Secondo i primi accertamenti, i ladri avrebbero provocato l’esplosione dello sportello automatico introducendo materiale esplodente o gas all’interno del bancomat. La deflagrazione ha causato danni evidenti, consentendo alla banda di forzare l’ingresso dell’istituto di credito e accedere ai locali interni.
Una volta dentro, i malviventi avrebbero prelevato la cassetta contenente il denaro per poi allontanarsi rapidamente, senza lasciare tracce immediatamente riconducibili alla loro identità. A segnalare l’accaduto sono stati alcuni cittadini della zona, richiamati dal forte rumore che ha squarciato il silenzio notturno.

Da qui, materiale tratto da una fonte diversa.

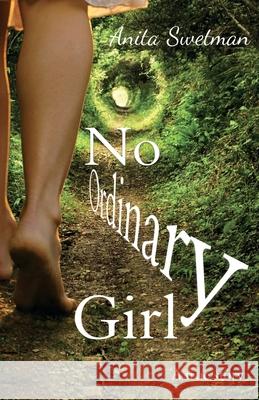 No Ordinary Girl Anita Swetman 9781739785000 Fuzzy Flamingo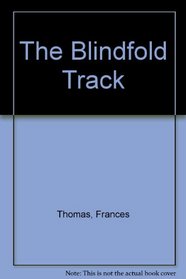 The Blindfold Track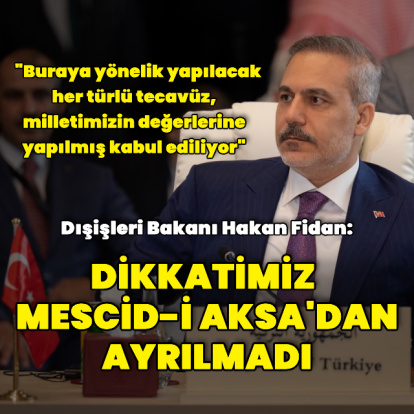 "Dikkatimiz Mescid-i Aksa'dan ayrılmadı"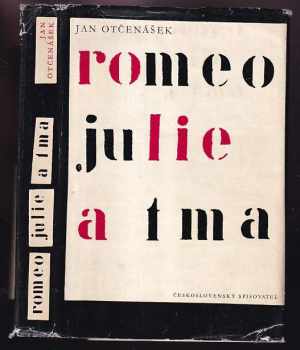 Jan Otčenášek: Romeo, Julie a tma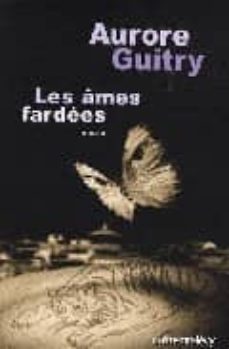 les ames fardees-aurore guitry-9782702139684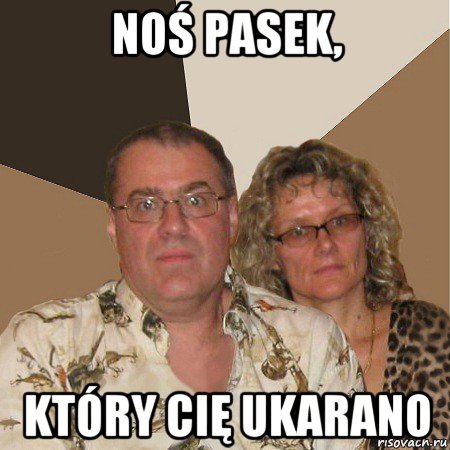 noś pasek, który cię ukarano, Мем  Злые родители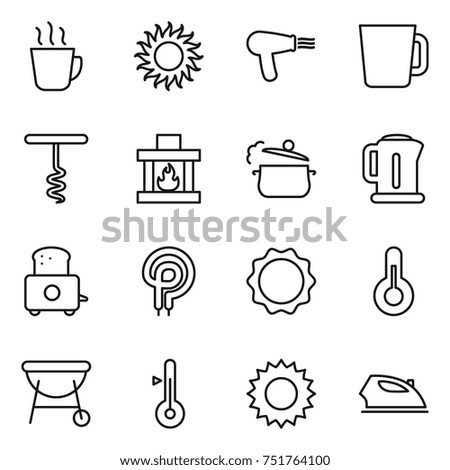 thin line icon set : hot drink, sun, hair dryer, cup, corkscrew, fireplace, steam pan, kettle, toaster, elecric oven, induction, thermometer, bbq, iron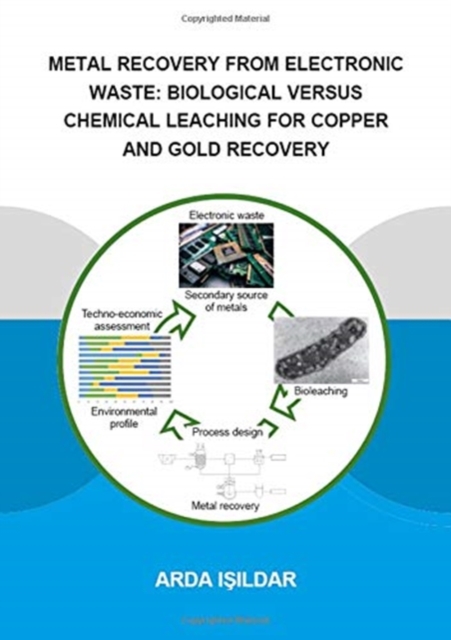 Metal Recovery from Electronic Waste: Biological Versus Chemical Leaching for Recovery of Copper and Gold, Paperback / softback Book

Sul posto sono intervenuti in tempi rapidi i Carabinieri del Nucleo Operativo di Sapri, guidati dal luogotenente Pino Bosco, insieme ai militari della Stazione di Vibonati diretti dal maresciallo Francesco Barile. Presente anche il comandante della Compagnia di Sapri, capitano Francesco Fedocci.
I militari hanno effettuato rilievi accurati sia all’esterno che all’interno della filiale, un’attività che si è protratta per diverse ore. Le indagini sono in corso e si concentrano anche sull’analisi dei sistemi di videosorveglianza della banca e delle aree circostanti, nella speranza di individuare elementi utili a risalire ai responsabili.
Dell’episodio è stata informata la Procura di Lagonegro, mentre resta ancora da quantificare con precisione l’ammontare del bottino sottratto durante l’assalto notturno.